We were a different country then.


We were Eisenhower’s children.


Polio had us all terrorized.


If you got it and died, you were lucky.


Worse, if you lived you would be paralyzed for life, living in a respirator, forced to watch daytime television.


The only treatment was something a nun named Sister Kenny had developed.


It involved applying hot pads on paralyzed legs, or something like that. I think Sister Kenny is a saint now, even though her treatment didn’t work.


My mother was so fearful of my getting polio that she had a list of home remedies to fight it off.


Her miracle drug against polio was garlic.


Yes, garlic. She hung a string of garlic cloves around my neck and my brother’s neck every day.


I realize now why we didn’t have that many friends.


Public water faucets were the places where the polio germs lurked, according to my mom.


Every day when I left the house to go to the park she would warn me not to drink from the “dirty” public water faucets. I listened to her and have not had a drink from a public faucet since I was 8 years old.


But that was the past, and today I would rather get Covid than listen to another commercial begging the vaccine-naysayers to get their shots.


I see at least 20 commercials a night begging these people to get their shots so “we all can be safe.”


What a waste.


What the people who are spending billions of dollars on useless commercials don’t understand is that the people who have vowed to never get a Covid vaccine are sure the vaccine will turn them into vampires or something worse.

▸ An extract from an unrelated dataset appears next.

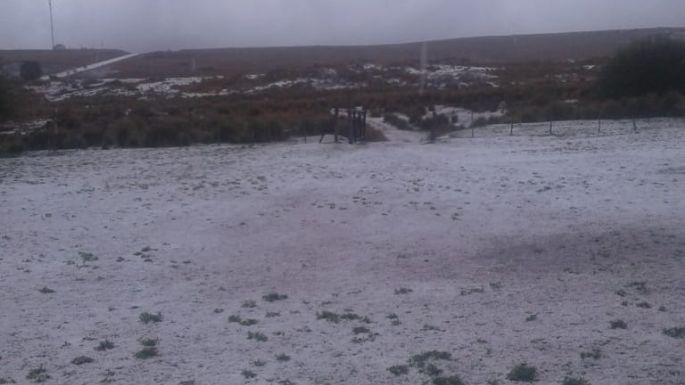 Granizo y despiste en las Altas Cumbres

Let’s give the money that’s being wasted on these stupid vaccine commercials to homeless kids and any other worthwhile charities.


Let’s leave the vaccine haters to live or die in peace.


If many of us were Eisenhower’s children, these are Trump’s children.


That’s why I’m against Biden’s mandates that threaten to take away jobs from hard-working people who won’t obey him.


Biden has been in the Senate for years and that means he has never had a job that required him to work for a living.


How dare any politician tell a working person he will take away their job if they don’t listen to him.


Biden has no idea what having a job means to those people who have to pay for his inflationary food and fuel prices.


I say let’s leave these people alone.


It’s their business if they want to get Covid.


I hope they all live forever, but if they get Covid and die, let’s look at the bright side.


That’s one less person to infect the people we love: you and me.


On the lighter side, here is something on old age I found on the internet that made me laugh:


1. When one door closes and another door opens, you are probably in prison.

2. To me, “drink responsibly” means don’t spill it.

3. Age 60 might be the new 40, but 9 pm is the new midnight.

4. It’s the start of a brand new day, and I’m off like a herd of turtles.

5. The older I get, the earlier it gets late.

6. When I say “the other day,” I could be referring to any time between yesterday and 15 years ago.

7. I remember being able to get up without making sound effects.

8. I had my patience tested. I’m negative.

9. Remember, if you lose a sock in the dryer, it comes back as a Tupperware lid that doesn’t fit any of your containers.

10. If you’re sitting in public and a stranger takes the seat next to you, just stare straight ahead and say, “Did you bring the money?”

11. When you ask me what I am doing today and I say “nothing,” it does not mean I am free. It means I am doing nothing.

12. I finally got eight hours of sleep. It took me three days, but whatever.

13. I run like the winded.

14. I hate when a couple argues in public and I missed the beginning and don’t know whose side I’m on.

15. When someone asks what I did over the weekend, I squint and ask, “Why, what did you hear?”

16. When you do squats, are your knees supposed to sound like a goat chewing on an aluminum can stuffed with celery?

17. I don’t mean to interrupt people. I just randomly remember things and get really excited.

18. When I ask for directions, please don’t use words like “east.”

19. Don’t bother walking a mile in my shoes. That would be boring. Spend 30 seconds in my head. That’ll freak you right out.

20. Sometimes, someone unexpected comes into your life out of nowhere, makes your heart race, and changes you forever. We call those people cops.